Renée Dahlia is an unabashed romance reader who loves feisty women and strong, clever men. Her books reflect this, with a side note of awkward humour. Renée has a science degree in physics. When not distracted by the characters fighting for attention in her brain, she works in the horse-racing industry doing data analysis and writing magazine articles. When she isn’t reading or writing, Renée spends her time with her partner and four children, usually watching them play cricket.
The longer version of stuff about me
I grew up in a family of story tellers. Surrounded by orators, and books. Even with all that encouragement for books, I had no inclination that I could write, nor that I wanted to write. Instead, I chose to study science, and graduated with a degree in physics and maths. A rational choice of subject matter, although not so sensible when it came to getting a job. I probably should have done engineering. Instead, I faced the awkward task of convincing potential employers that a degree in physics and maths was useful for something.
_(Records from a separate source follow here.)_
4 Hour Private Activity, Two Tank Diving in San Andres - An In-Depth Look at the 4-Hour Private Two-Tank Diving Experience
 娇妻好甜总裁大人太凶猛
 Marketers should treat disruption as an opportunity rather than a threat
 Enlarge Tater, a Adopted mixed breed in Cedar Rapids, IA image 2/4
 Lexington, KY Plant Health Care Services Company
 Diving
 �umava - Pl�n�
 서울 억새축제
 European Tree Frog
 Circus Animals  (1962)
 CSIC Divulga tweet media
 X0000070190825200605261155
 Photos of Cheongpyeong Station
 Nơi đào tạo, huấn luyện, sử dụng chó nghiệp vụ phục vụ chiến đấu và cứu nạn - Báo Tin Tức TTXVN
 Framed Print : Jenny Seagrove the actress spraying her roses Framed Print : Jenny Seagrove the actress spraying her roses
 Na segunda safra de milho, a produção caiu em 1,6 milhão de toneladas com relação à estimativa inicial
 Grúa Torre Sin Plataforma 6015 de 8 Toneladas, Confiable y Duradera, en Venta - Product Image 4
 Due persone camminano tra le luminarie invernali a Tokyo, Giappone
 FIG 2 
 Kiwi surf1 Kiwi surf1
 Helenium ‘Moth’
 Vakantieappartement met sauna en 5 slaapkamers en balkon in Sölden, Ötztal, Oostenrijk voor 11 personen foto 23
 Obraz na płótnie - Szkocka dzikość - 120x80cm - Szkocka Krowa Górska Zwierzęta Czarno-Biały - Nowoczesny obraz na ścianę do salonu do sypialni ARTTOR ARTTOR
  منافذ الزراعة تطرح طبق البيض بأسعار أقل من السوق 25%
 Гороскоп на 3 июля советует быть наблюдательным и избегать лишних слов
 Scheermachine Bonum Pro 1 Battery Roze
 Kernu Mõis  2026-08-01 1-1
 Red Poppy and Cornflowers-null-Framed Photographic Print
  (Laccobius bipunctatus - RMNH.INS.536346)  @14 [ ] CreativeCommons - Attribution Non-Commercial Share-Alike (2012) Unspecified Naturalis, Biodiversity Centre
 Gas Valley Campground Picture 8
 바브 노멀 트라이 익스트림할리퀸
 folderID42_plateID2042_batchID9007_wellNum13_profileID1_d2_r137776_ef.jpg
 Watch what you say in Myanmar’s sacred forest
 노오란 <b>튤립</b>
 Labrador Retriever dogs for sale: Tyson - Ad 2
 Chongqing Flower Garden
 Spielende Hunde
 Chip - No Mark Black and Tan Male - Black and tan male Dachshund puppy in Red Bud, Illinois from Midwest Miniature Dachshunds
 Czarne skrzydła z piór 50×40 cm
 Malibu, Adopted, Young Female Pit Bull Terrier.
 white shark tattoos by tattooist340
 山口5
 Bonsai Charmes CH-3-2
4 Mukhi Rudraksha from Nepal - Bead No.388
I ended up doing data analysis in a range of industries; road maintenance, natural gas, electricity, and horse racing, eventually ending up as a data-based non-fiction writer.
How the hell did I end up writing romance? I've been a huge romance reader for a really long time, and I blame a book for giving me the idea to write a romance novel.
“I complained one day that I’d read all the books in the house, and there was nothing new at the bookshop, and Matthew challenged me to try writing one of my own.” A Wallflower Christmas. Lisa Kleypas.
Writing fiction has been a surprising and cathartic journey for me. I wrote my first novel in 2016 at a point when my career had suffered a pile of setbacks, and wasn't sure about the next step for me. That novel, To Charm a Bluestocking, was published by Escape (Harlequin Australia's digital first imprint) in 2017. Naturally I wrote a romance because that’s what I loved reading, and after years of writing magazine articles and data-based statistical explanations for various clients, the switch to fiction was a good learning curve for me. I still write for a couple of horse magazines, and one of the most transferable skills from that career to writing novels is that ability to write to a word count and to a deadline.
As a bisexual cis-woman, all my books are heroine focused, regardless of the romantic pairing type. My writing process always begins with the heroine – who is she, what does she want, what is preventing her getting it? All of my books (as at 2019) are either fm or ff pairings. Writing two heroines is perfect for the way my brain works in setting up characters. In terms of writing style, I’m a vague plotter. I start with a blurb for each character that contains too much backstory (yah for edits), and a template document with romance beats. I throw a one or two line plot point against the beats, then just start writing. Once I can figure out how to get more women into an mm book (perhaps through a ffm relationship?), then I might branch out and do write that too, but until then, I’d rather write heroine focused books where women get what they want and are happy. I have more than enough book ideas to keep me writing for the next few decades. I'll always consider myself a reader before I'm a writer, and I hope to spend the next portion of my life reading about glorious fictional women (all women, not limited to cis-women)!